PROBLEM REQUIREMENTS: Copy, exactly as written, the lines that begin at the one containing "PSA 9 Onix •" and end at the one containing "NJ license plate B54CRP". Skip any pictures in the data below.

LISTED ENTRIES:
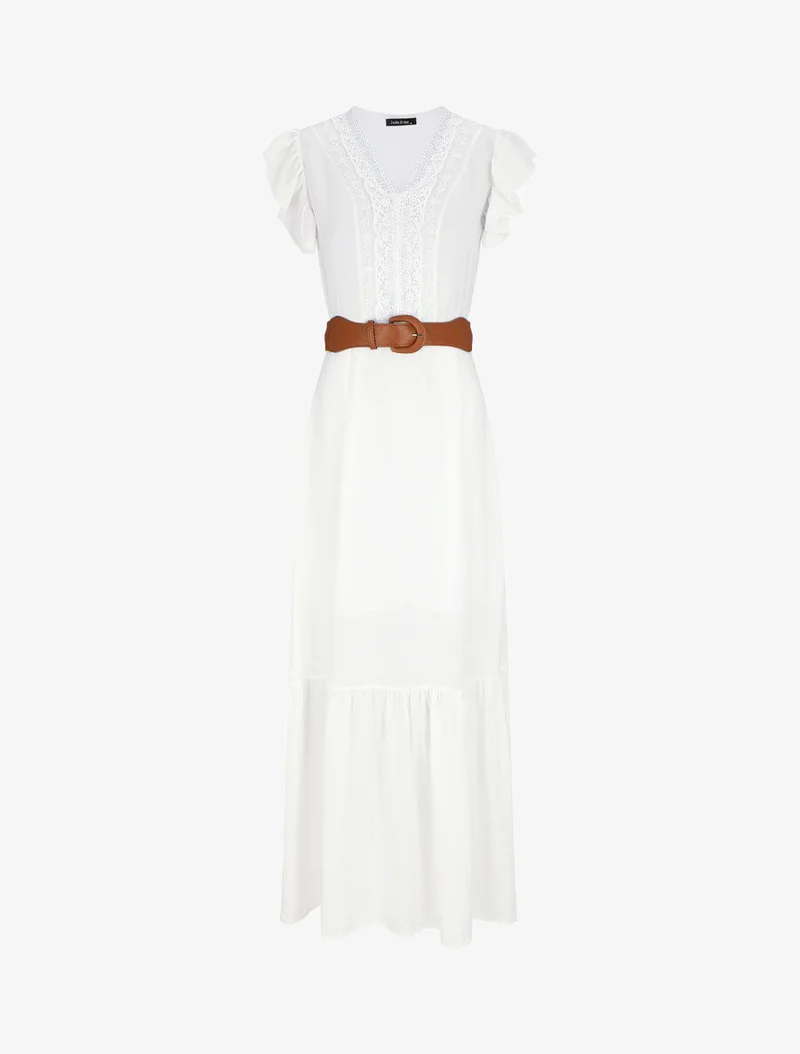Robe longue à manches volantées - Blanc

...

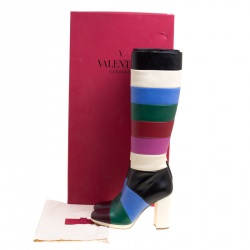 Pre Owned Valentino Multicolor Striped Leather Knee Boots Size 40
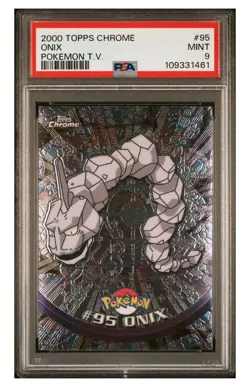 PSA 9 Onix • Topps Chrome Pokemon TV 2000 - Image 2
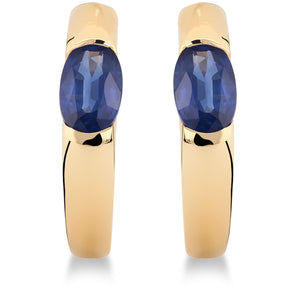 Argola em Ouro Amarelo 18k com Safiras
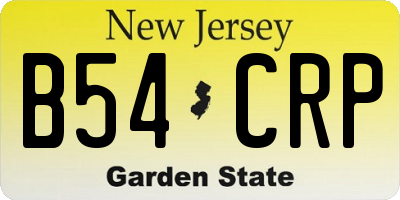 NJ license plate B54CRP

OUTPUT OF THE EXERCISE:
 PSA 9 Onix • Topps Chrome Pokemon TV 2000 - Image 2
 Argola em Ouro Amarelo 18k com Safiras
 NJ license plate B54CRP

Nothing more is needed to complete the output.